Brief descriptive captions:
-- Opening Marker --

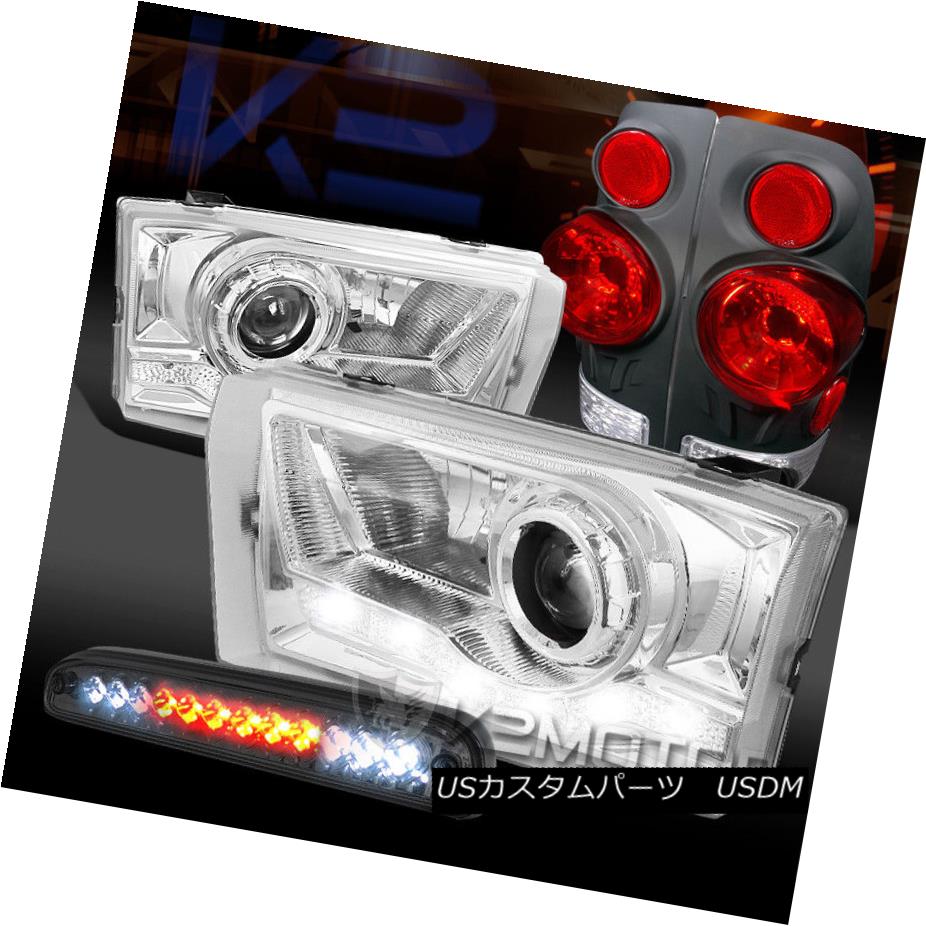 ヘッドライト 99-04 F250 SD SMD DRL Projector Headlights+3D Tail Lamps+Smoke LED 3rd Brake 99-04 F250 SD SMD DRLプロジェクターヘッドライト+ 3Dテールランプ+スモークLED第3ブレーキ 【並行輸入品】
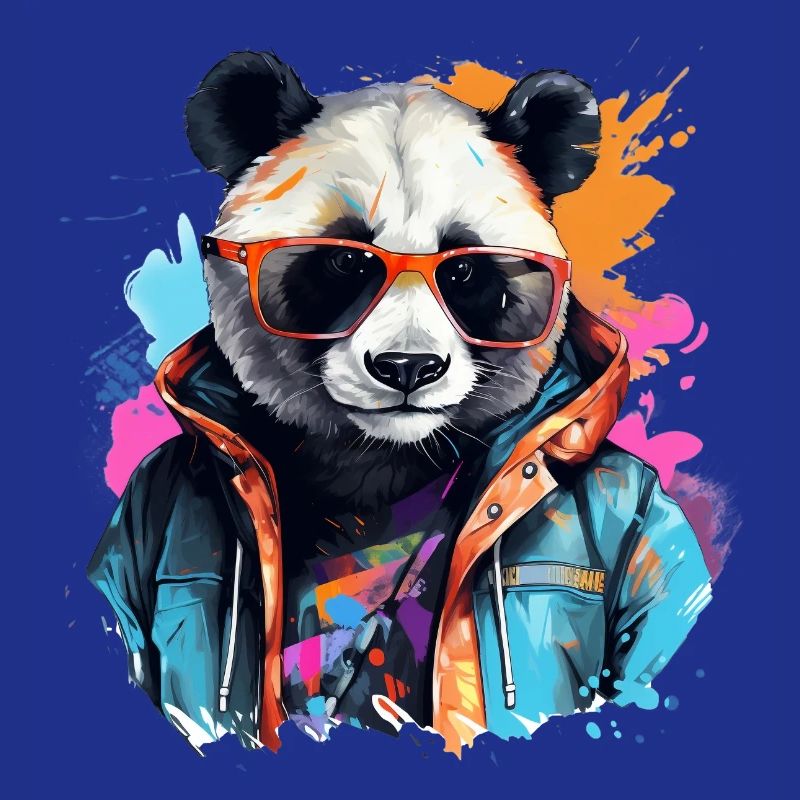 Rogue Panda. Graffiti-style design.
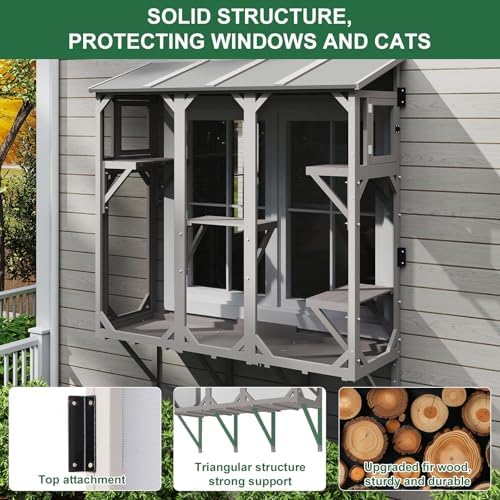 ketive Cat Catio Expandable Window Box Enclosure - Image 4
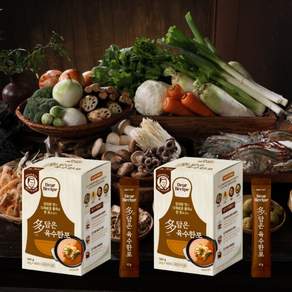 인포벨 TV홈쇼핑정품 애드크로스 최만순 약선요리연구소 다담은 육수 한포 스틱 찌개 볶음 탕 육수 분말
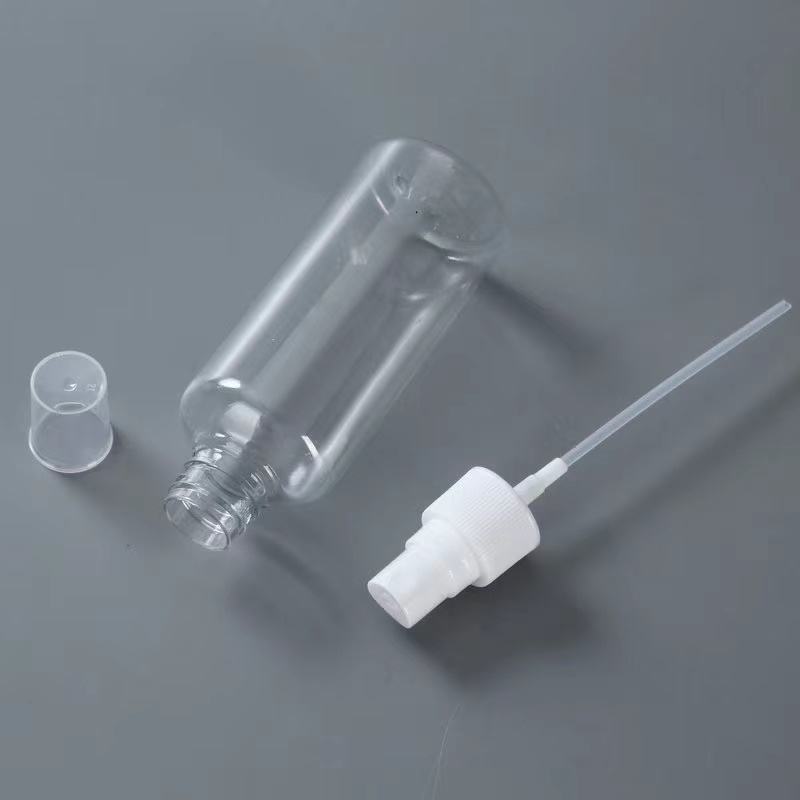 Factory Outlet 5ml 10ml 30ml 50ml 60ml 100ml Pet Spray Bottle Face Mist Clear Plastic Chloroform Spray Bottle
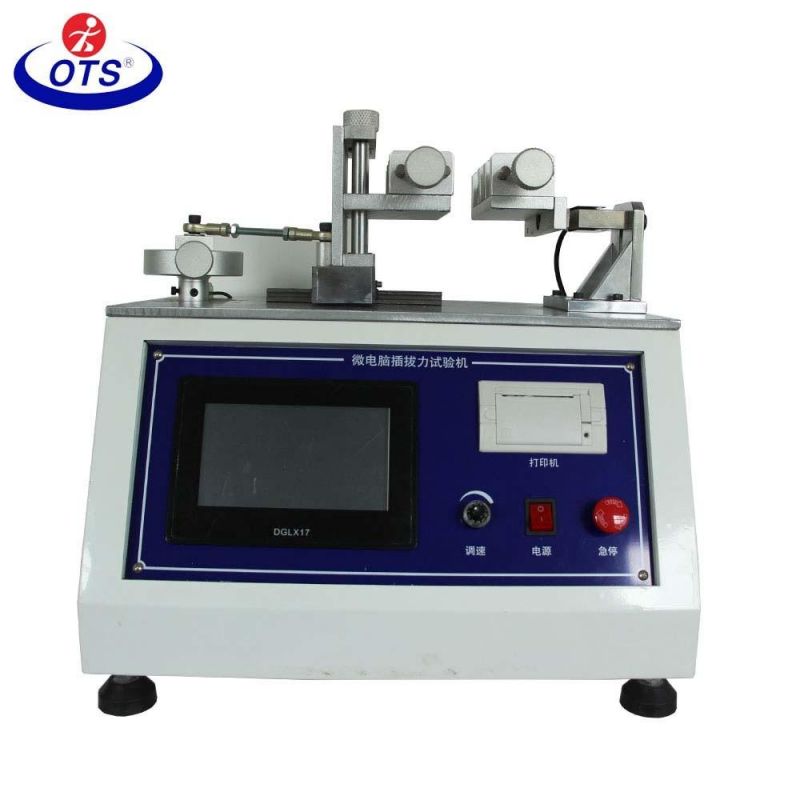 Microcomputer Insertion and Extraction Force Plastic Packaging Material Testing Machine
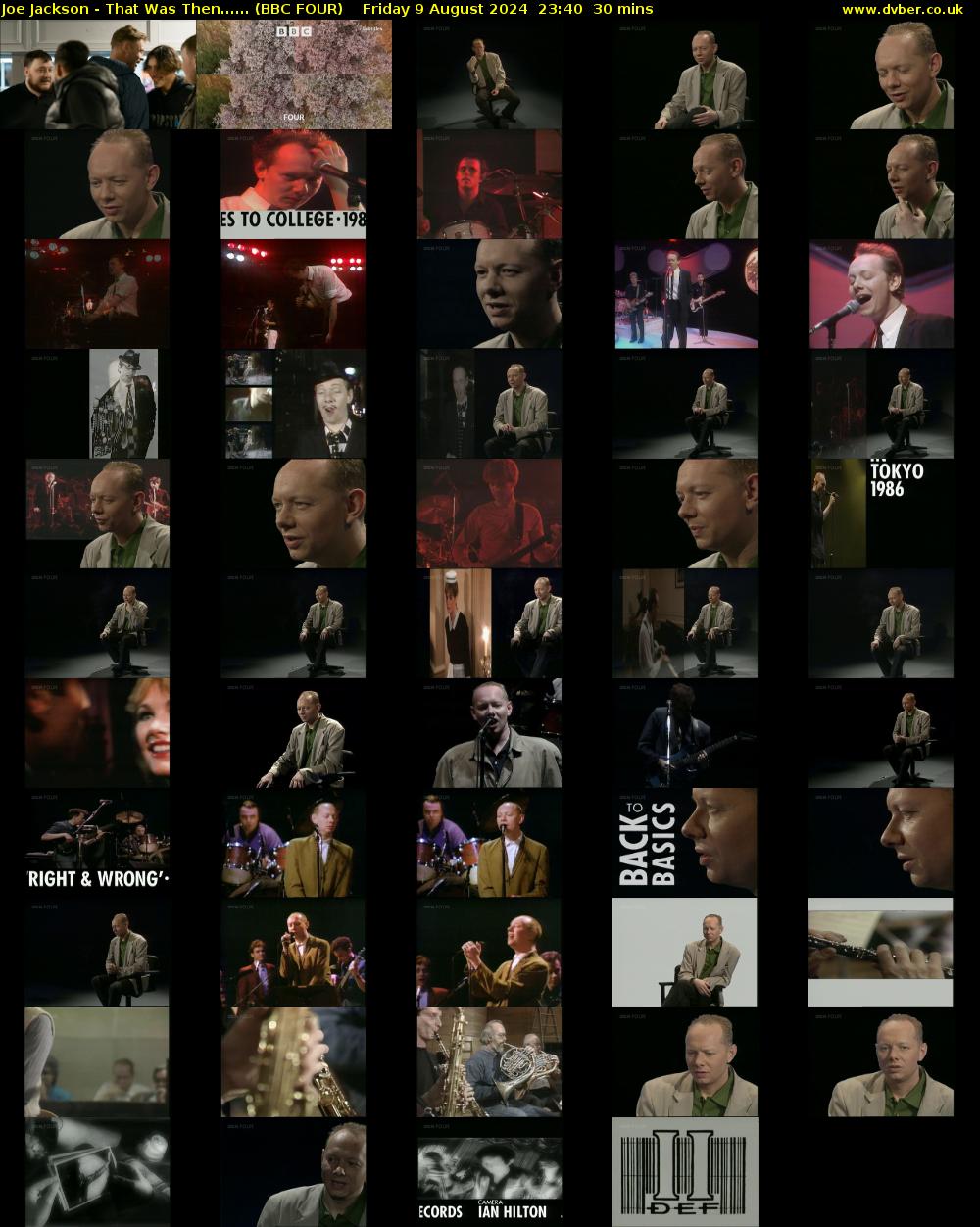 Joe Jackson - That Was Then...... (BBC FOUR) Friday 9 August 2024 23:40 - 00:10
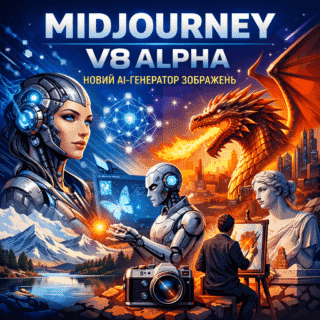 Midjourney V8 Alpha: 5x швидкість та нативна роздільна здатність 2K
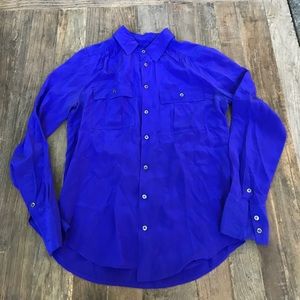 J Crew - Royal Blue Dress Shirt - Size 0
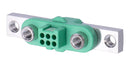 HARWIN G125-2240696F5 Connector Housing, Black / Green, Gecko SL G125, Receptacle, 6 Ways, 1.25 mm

-- Closing Marker --

Prompt: In the answer, give only the lines from the one containing "인포벨 TV홈쇼핑정품 애드크로스" through the end of the records above, each reproduced exactly. Include no pictures.

Task response:
 인포벨 TV홈쇼핑정품 애드크로스 최만순 약선요리연구소 다담은 육수 한포 스틱 찌개 볶음 탕 육수 분말
 Factory Outlet 5ml 10ml 30ml 50ml 60ml 100ml Pet Spray Bottle Face Mist Clear Plastic Chloroform Spray Bottle
 Microcomputer Insertion and Extraction Force Plastic Packaging Material Testing Machine
 Joe Jackson - That Was Then...... (BBC FOUR) Friday 9 August 2024 23:40 - 00:10
 Midjourney V8 Alpha: 5x швидкість та нативна роздільна здатність 2K
 J Crew - Royal Blue Dress Shirt - Size 0
 HARWIN G125-2240696F5 Connector Housing, Black / Green, Gecko SL G125, Receptacle, 6 Ways, 1.25 mm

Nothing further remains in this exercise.